__Dataset records__
• • • • •

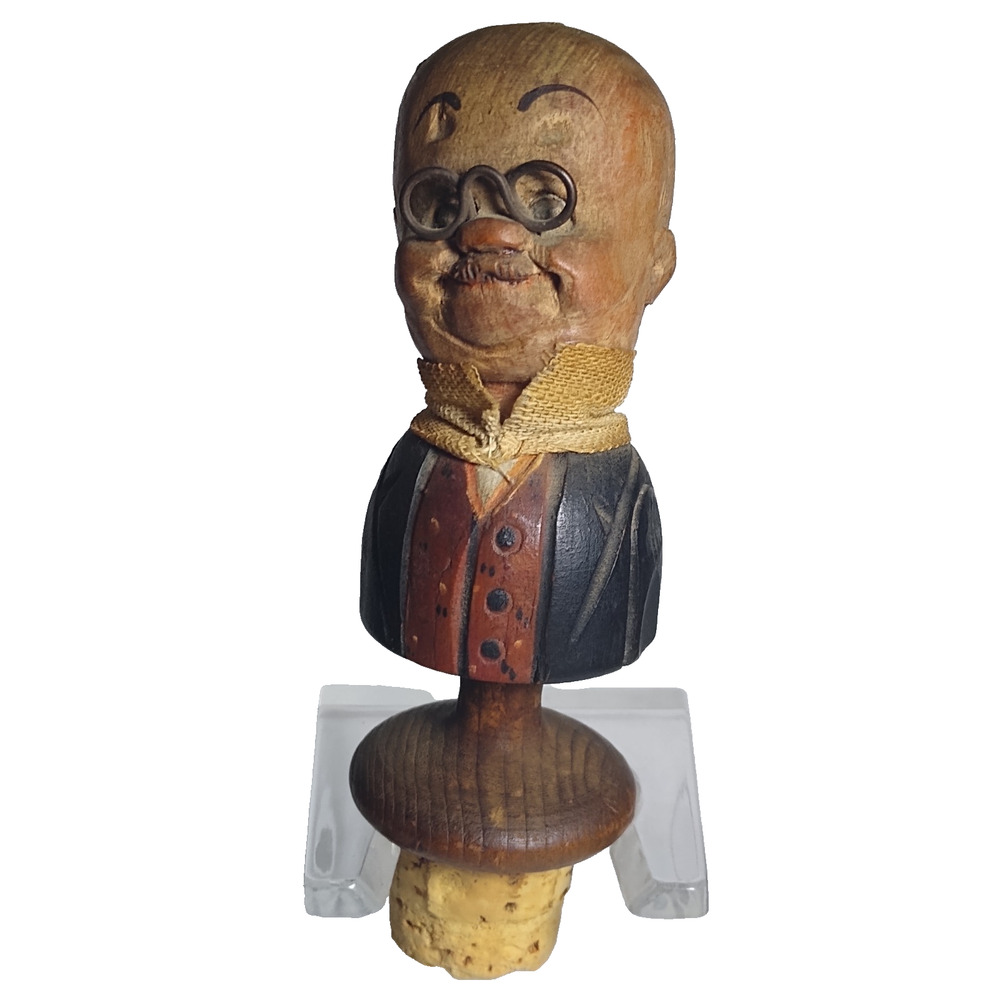 ANRI Vintage Wood Cork Bottle Stopper Figurine Carved Man Metal Glasses Folk Art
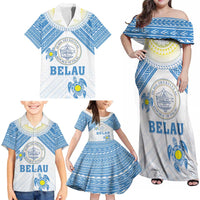 Personalised Palau Constitution Day Family Matching Off Shoulder Maxi Dress and Hawaiian Shirt Polynesian Turtle LT05 - Polynesian Pride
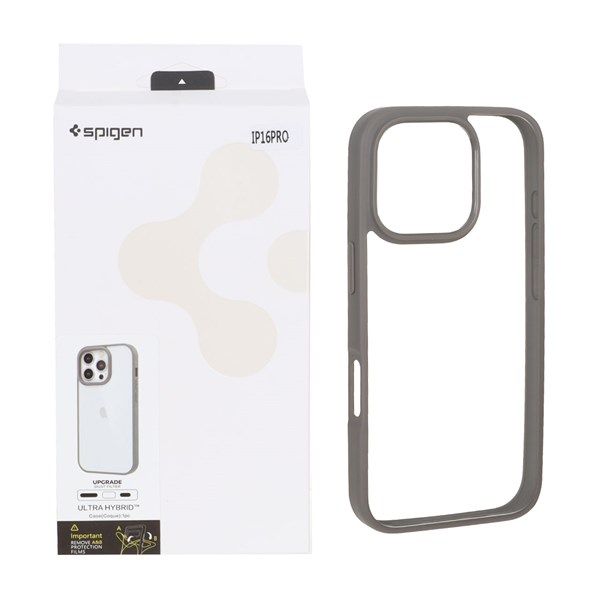 قاب اورجینال Spigen با توری اسپیکر فلزی Apple iPhone 16 Pro - طوسی (پک دار)
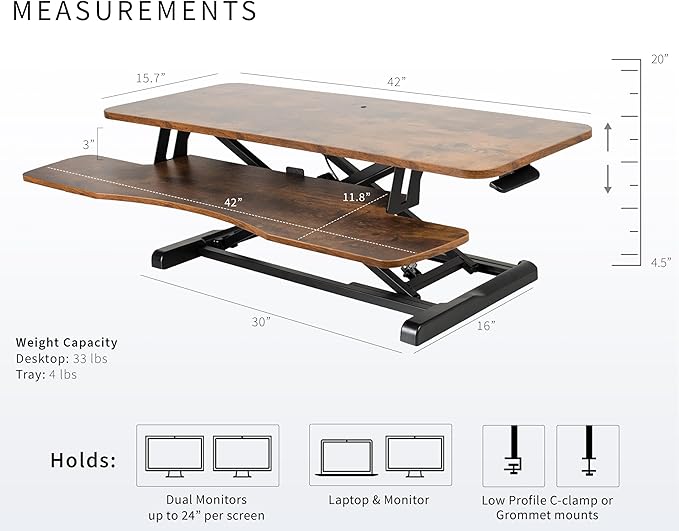 VIVO 42 inch Desk Converter, K Series, Height Adjustable Sit to Stand Riser, Dual Monitor and Laptop Workstation with Wide Keyboard Tray, Rustic Vintage Brown Top, Black Frame, DESK-V042KN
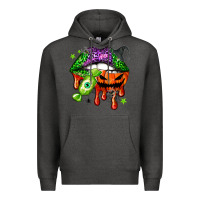 Charcoal Heather Halloween lips Premium Hoodie - NancyCooperArtShop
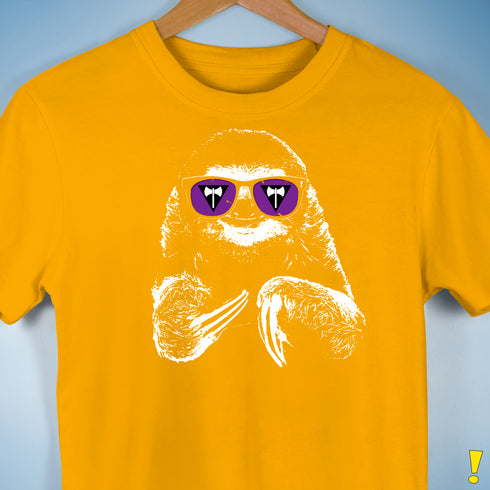 Pride Sloth Lesbian Labrys Flag Sunglasses Premium Unisex T-Shirt - Gold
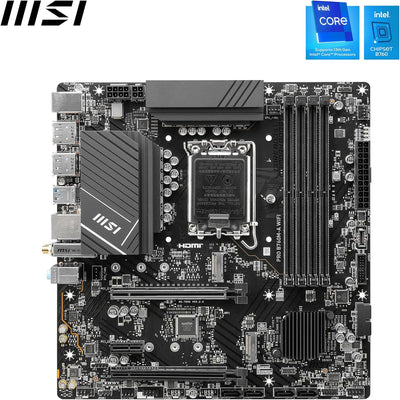 MSI PRO B760M-A WiFi Motherboard, Micro-ATX - Für Intel Core Prozessoren der 12. und 13. Generation,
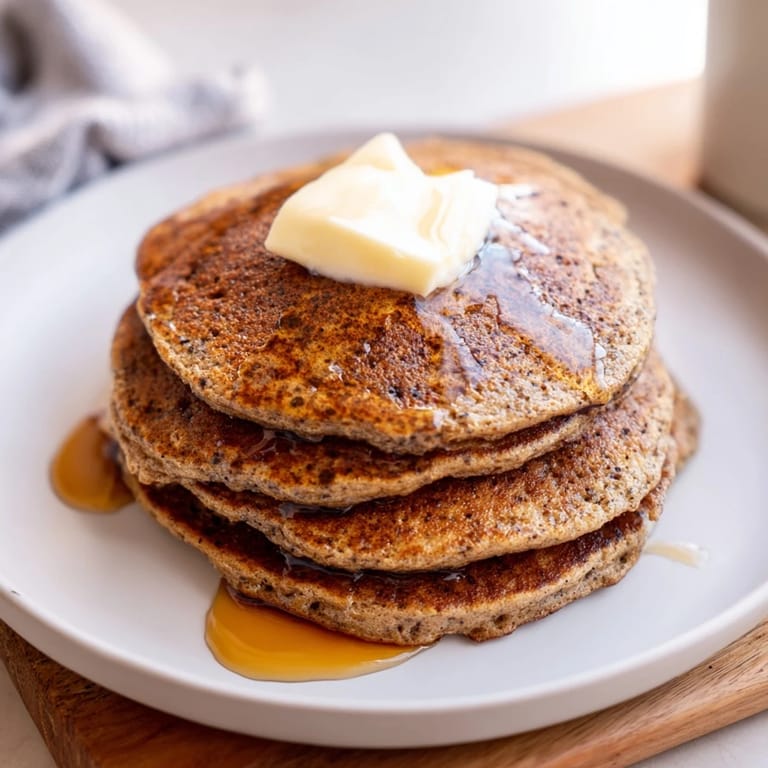 Stack of freshly cooked Gingerbread Pancakes, showing appealing texture and brown color, ready to eat.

• • • • •

__Exercise prompt__
None of the pictures should appear; repeat the records exactly otherwise.

__Answer section__
 ANRI Vintage Wood Cork Bottle Stopper Figurine Carved Man Metal Glasses Folk Art
 Personalised Palau Constitution Day Family Matching Off Shoulder Maxi Dress and Hawaiian Shirt Polynesian Turtle LT05 - Polynesian Pride
 قاب اورجینال Spigen با توری اسپیکر فلزی Apple iPhone 16 Pro - طوسی (پک دار)
 VIVO 42 inch Desk Converter, K Series, Height Adjustable Sit to Stand Riser, Dual Monitor and Laptop Workstation with Wide Keyboard Tray, Rustic Vintage Brown Top, Black Frame, DESK-V042KN
 Charcoal Heather Halloween lips Premium Hoodie - NancyCooperArtShop
 Pride Sloth Lesbian Labrys Flag Sunglasses Premium Unisex T-Shirt - Gold
 MSI PRO B760M-A WiFi Motherboard, Micro-ATX - Für Intel Core Prozessoren der 12. und 13. Generation,
 Stack of freshly cooked Gingerbread Pancakes, showing appealing texture and brown color, ready to eat.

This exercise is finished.